There are many Upanisads, some say as many as 200; among them 11 are considered classic. They date back several centuries before the Christian era and at the end we have Yoga Upanisads.
The Upanisads are not systematic didactic or pedagogic texts. They are the illumined utterances of sages and mystics. While sitting by some fire place and absorbed in the light of the wood-fire the sage would enter into unseen realms and opening his eyes gently he would tell the students in brief insightful sentences about the reality hidden beyond this normal day to day reality of our life.
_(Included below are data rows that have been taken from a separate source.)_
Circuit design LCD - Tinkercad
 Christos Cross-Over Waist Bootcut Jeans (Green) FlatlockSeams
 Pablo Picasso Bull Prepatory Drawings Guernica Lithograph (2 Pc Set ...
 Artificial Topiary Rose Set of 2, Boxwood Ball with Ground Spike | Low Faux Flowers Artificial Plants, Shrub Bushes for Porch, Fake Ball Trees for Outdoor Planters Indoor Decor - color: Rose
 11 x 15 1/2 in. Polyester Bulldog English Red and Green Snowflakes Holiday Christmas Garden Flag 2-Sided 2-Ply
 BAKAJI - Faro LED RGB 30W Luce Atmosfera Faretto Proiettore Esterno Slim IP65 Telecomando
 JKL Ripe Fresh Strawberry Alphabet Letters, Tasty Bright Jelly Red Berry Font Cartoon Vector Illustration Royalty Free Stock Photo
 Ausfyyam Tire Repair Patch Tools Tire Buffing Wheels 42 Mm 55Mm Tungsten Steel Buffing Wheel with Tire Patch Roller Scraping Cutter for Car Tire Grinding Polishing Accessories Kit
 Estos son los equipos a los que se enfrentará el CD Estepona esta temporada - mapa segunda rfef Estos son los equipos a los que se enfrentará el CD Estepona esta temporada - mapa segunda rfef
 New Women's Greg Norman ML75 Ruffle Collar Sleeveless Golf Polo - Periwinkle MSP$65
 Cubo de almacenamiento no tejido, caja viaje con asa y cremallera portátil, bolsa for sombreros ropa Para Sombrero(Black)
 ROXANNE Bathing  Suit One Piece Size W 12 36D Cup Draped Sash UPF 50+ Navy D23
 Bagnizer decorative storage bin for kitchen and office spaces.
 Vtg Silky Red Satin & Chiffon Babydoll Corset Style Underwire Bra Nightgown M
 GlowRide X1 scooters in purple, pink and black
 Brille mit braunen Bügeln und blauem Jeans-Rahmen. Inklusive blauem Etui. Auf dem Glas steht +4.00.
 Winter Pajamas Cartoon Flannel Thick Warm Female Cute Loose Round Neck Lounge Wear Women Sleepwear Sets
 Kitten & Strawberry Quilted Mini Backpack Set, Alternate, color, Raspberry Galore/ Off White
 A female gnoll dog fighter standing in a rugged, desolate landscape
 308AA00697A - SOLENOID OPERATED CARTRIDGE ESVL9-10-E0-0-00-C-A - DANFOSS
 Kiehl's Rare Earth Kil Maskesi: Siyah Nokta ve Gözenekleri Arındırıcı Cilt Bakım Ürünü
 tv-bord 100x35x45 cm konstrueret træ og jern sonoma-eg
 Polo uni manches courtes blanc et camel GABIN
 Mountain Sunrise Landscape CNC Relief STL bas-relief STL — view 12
They would lead the students into a transcendental and spiritual philosophy. These utterances later formed the base, the structure, the model and the paradigm for an emerging spirituality leading to mystic experiences. Those times of the sages were the golden age of Indian mysticism – lasting centuries.
If someone asks you who are you, you might give your name, “I am John”. But john is just a word, and in the course of your life, you may be called by different variations of the name. Your parents might call you by a nickname. Your siblings by another, your friends by yet another. Your girl friend or wife may also call you by another name. Therefore you are not the name only. You are something more.
You might point out to your body and say that is “I ”. The majority of people live with this notion that they are a body. But some know that driving this body is an energy :body”. Through the practice of yoga and similar techniques some people do manage to separate the physical from the pranic body and thus know that they are more than this physical body.
If you are psychologist you know that you have feelings, sensations, emotions and so forth and these come from another body, the mental body.
Further on those who work with ideas, thoughtful people, original thinkers, pioneers, scientists, poets and so forth connect themselves to a still finer body- the body of the intellect.
Those who have deep meditative experiences come to contact a deathless part of themselves – and enjoy a state of bliss or Ananda as it is called in the Indian spiritual traditions.
These are the sheaths/Kosas – or layers of one body behind the other. And yet we feel, behave and think, as we are the physical body only.
This is the composition of “man” according to the Upanisads.
Many thoughtful persons have this question in their mind: “Where do I come from? What is this life?” Many would like to know about the inner world, which we cannot see because of the obscurity within us. Many of us are confused, others have infatuations that bind them to the world of illusions.
The Upanisads do not require great reading time; the sayings of the sages or the dialogues with them are brief but breathtaking in their sweep and grandeur of the ideas and insights full of wisdom. These wisdom insights can help us as guideposts in our own search of spirituality.
They point out that through yoga (from practices of Hatha, Tantra, etc) to center oneself in between the eyes and enter the inner world where eventually one encounters the inner resident, the Self, residing as if it were in a deep hidden cave.
The destiny of all human beings is to seek and know their real Self and not the surface personality only. The Upanisads in deep meditaion open a dialogue with the soul, wherein they say the deep meaningful answers to the questions we ask, can be found.
Published in the July 2010 edition of Yoga & Total Health Magazine.